Cognitively Diverse Multiple-Choice Question Generation: A Hybrid Multi-Agent Framework with Large Language Models

Recent advances in large language models (LLMs) have made automated multiple-choice question (MCQ) generation increasingly feasible; however, reliably producing items that satisfy controlled cognitive demands remains a challenge. To address this gap, we introduce ReQUESTA, a hybrid, multi-agent framework for generating cognitively diverse MCQs that systematically target text-based, inferential, and main idea comprehension.
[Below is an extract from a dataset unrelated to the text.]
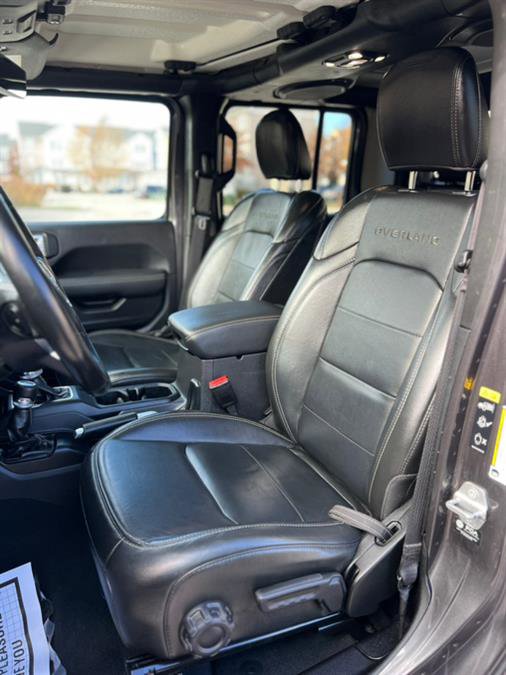 Used 2022 Jeep Gladiator Overland w/ Popular Equipment Package image 37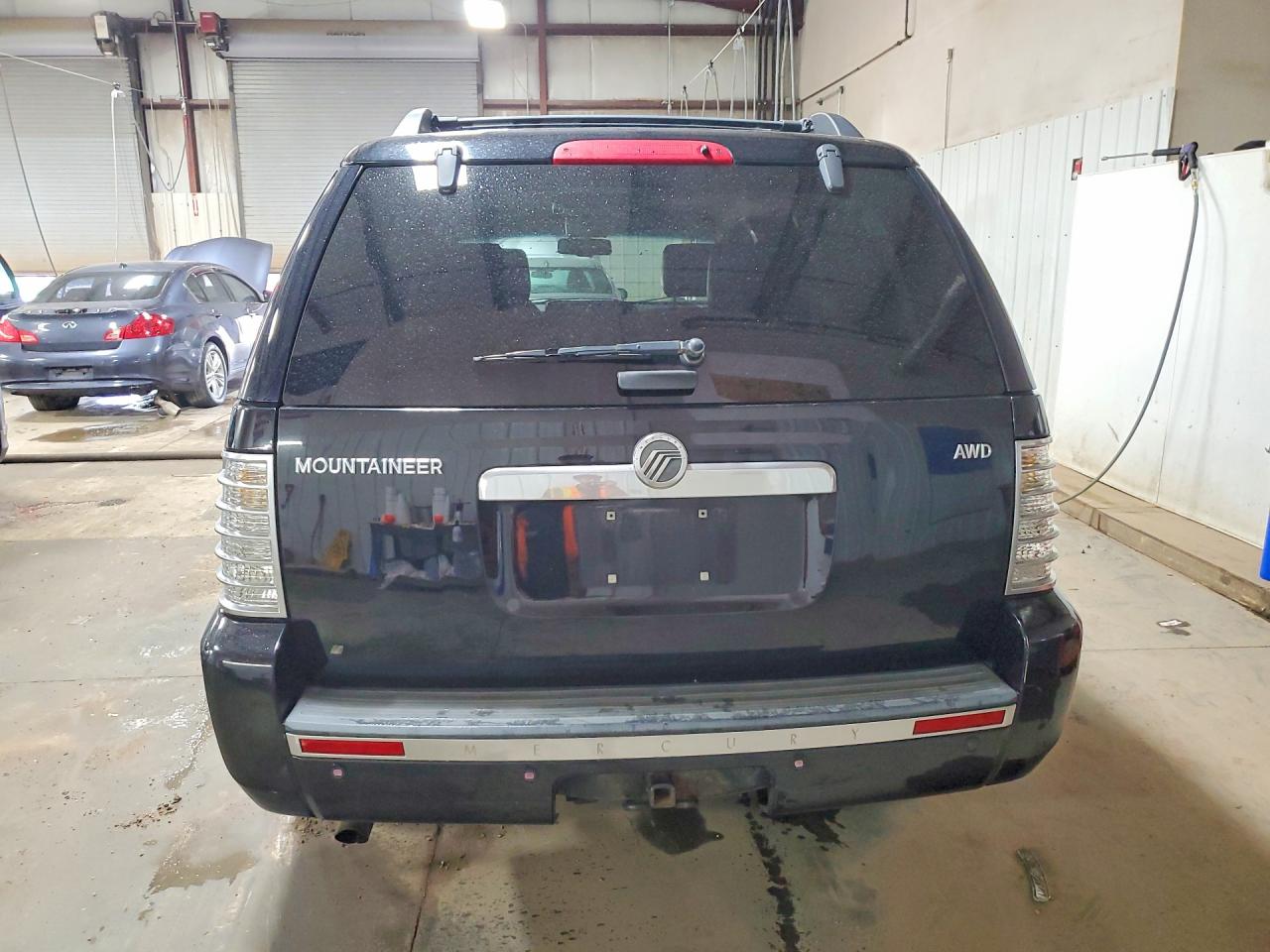 2006 MERCURY MOUNTAINEER LUXURY photo 16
ReQUESTA decomposes MCQ authoring into specialized subtasks and coordinates LLM-powered agents with rule-based components to support planning, controlled generation, iterative evaluation, and post-processing. We evaluated the framework in a large-scale reading comprehension study using academic expository texts, comparing ReQUESTA-generated MCQs with those produced by a single-pass GPT-5 zero-shot baseline. Psychometric analyses of learner responses assessed item difficulty and discrimination, while expert raters evaluated question quality across multiple dimensions, including topic relevance and distractor quality. Results showed that ReQUESTA-generated items were consistently more challenging, more discriminative, and more strongly aligned with overall reading comprehension performance. Expert evaluations further indicated stronger alignment with central concepts and superior distractor linguistic consistency and semantic plausibility, particularly for inferential questions. These findings demonstrate that hybrid, agentic orchestration can systematically improve the reliability and controllability of LLM-based generation, highlighting workflow design as a key lever for structured artifact generation beyond single-pass prompting.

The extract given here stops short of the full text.